#### PROVIDED DATA
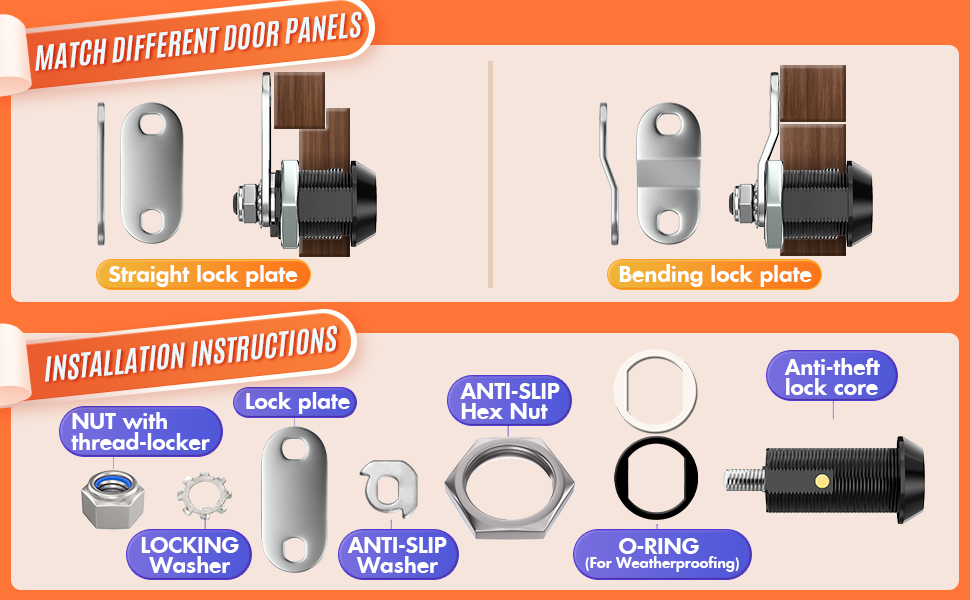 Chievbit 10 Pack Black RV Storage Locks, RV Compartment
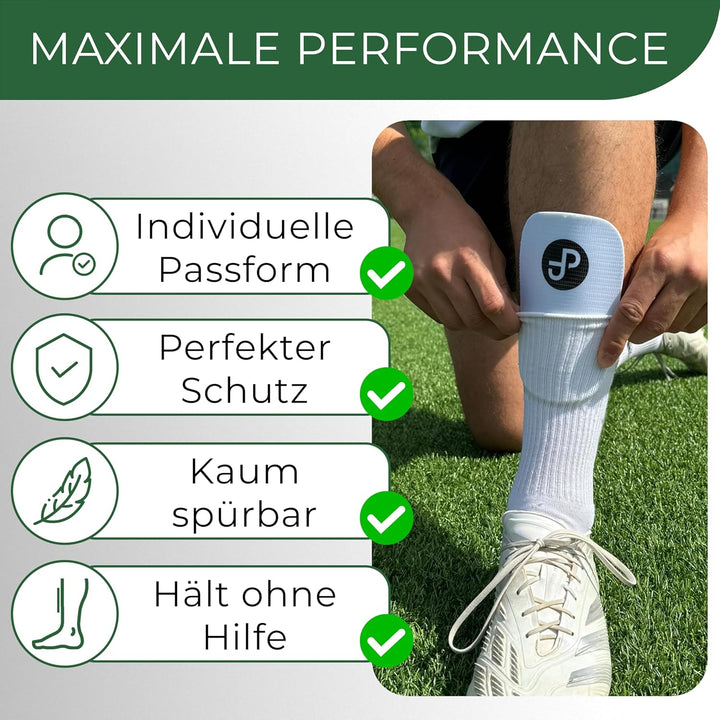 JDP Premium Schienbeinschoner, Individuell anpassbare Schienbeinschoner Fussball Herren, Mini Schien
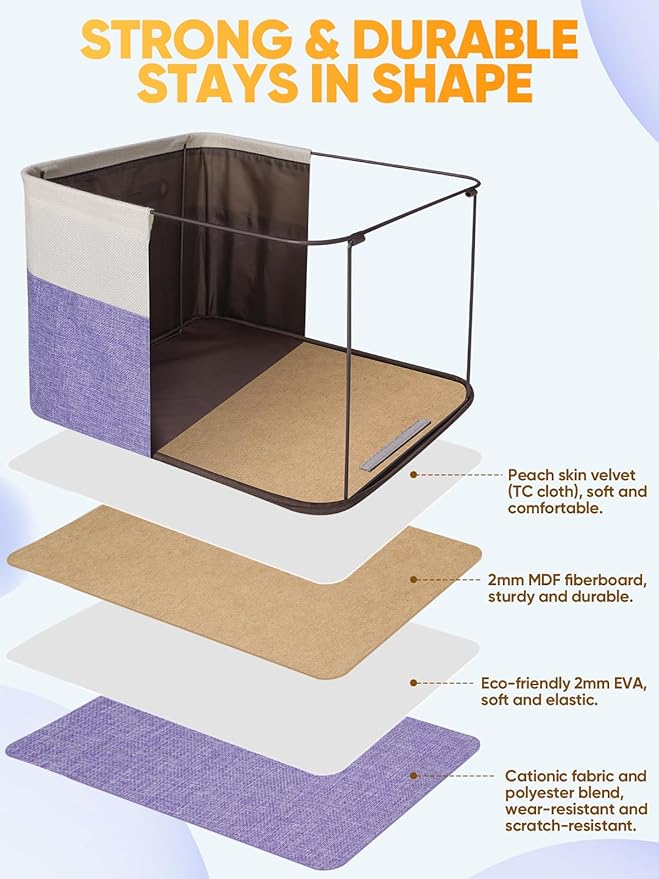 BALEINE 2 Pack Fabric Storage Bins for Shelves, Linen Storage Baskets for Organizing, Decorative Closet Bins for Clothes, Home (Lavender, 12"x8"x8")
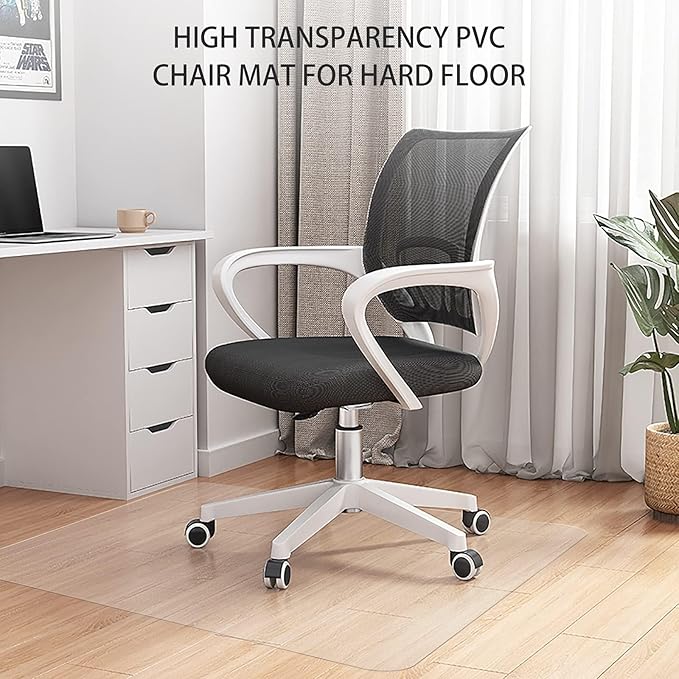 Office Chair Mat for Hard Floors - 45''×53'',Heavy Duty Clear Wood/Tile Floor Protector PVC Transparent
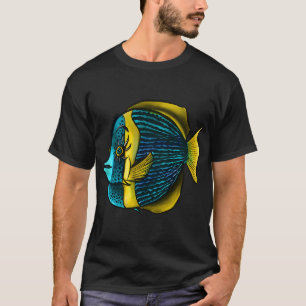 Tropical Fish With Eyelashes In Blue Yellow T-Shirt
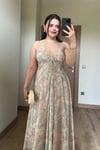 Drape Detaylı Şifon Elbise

#### GOAL OF THE EXERCISE
Could you repeat exactly the lines from the one containing "JDP Premium Schienbeinschoner, Individuell" through the last line of the records, both included, without the pictures?

#### RESPONSE FOR THIS EXERCISE
 JDP Premium Schienbeinschoner, Individuell anpassbare Schienbeinschoner Fussball Herren, Mini Schien
 BALEINE 2 Pack Fabric Storage Bins for Shelves, Linen Storage Baskets for Organizing, Decorative Closet Bins for Clothes, Home (Lavender, 12"x8"x8")
 Office Chair Mat for Hard Floors - 45''×53'',Heavy Duty Clear Wood/Tile Floor Protector PVC Transparent
 Tropical Fish With Eyelashes In Blue Yellow T-Shirt
 Drape Detaylı Şifon Elbise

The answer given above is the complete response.